La maggior parte degli insegnanti (nel mondo!) tende a considerare la valutazione come, essenzialmente, attribuzione di un voto (o di un giudizio), valutazione considerata poi di qualità se, attraverso tale voto, risulta “giusta”, “corretta”, perfino “oggettiva”. Le indagini internazionali sulle modalità valutative attive nelle scuole nel mondo (le meta-analisi di Black e William, 1998, e altre effettuate dopo) riportano questo dato, non proprio positivo.
Nel più che comprensibile tentativo di inseguire tale miraggio (perché di questo si tratta, in quanto non esiste un voto “giusto” in senso assoluto ma, semmai, un voto coerente con indicatori, parametri e standard, scelti da chi valuta secondo specifici criteri didattici), si perde tuttavia spesso di vista l’aspetto più importante della valutazione, che è ben altro, cioè il flusso di informazioni utili che attraverso essa dovrebbe essere scambiato fra alunno e insegnante.
C’è insomma un ampio consenso a livello scientifico proprio sul fatto che la valutazione “migliore” è quella costruita per motivare il più possibile l’alunno al miglioramento (anche se, ovviamente, non è detto che ci riesca sempre). Il che comporta che essa eviti soprattutto, per converso, di costituire un pericolo (più o meno costante) nei confronti di quell’insostituibile patrimonio di benessere psicologico, motivazione e disponibilità all’apprendimento che è associato ad una adeguata autostima dell’alunno. Anche lì dove l’esito della prova fosse negativo in termini di attribuzione numerica.

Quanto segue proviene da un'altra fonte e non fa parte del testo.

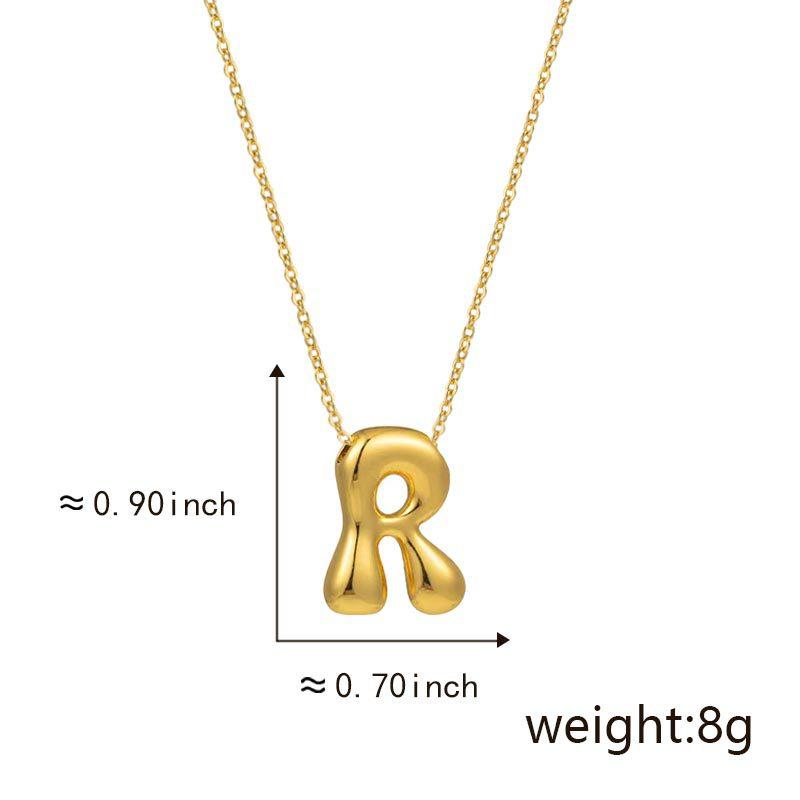 Cute Smooth Letter Necklace, Chubby Pendant, European and American Fashionable and Simple Collarbone Chain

Per riuscire in questa “equilibristica” impresa (prevalentemente motivare anziché demotivare, sia dove l’esito di una prova è positivo sia dove non lo è), la valutazione deve soprattutto offrire all’alunno informazioni fondamentali per il suo apprendimento futuro, attraverso feedback molto specifici a) su cosa funziona e su cosa non funziona nella sua prestazione in una prova; b) su quali obiettivi (prossimali) egli può porsi conseguentemente e realisticamente da subito e c) su quali strategie di apprendimento gli conviene adottare per migliorare.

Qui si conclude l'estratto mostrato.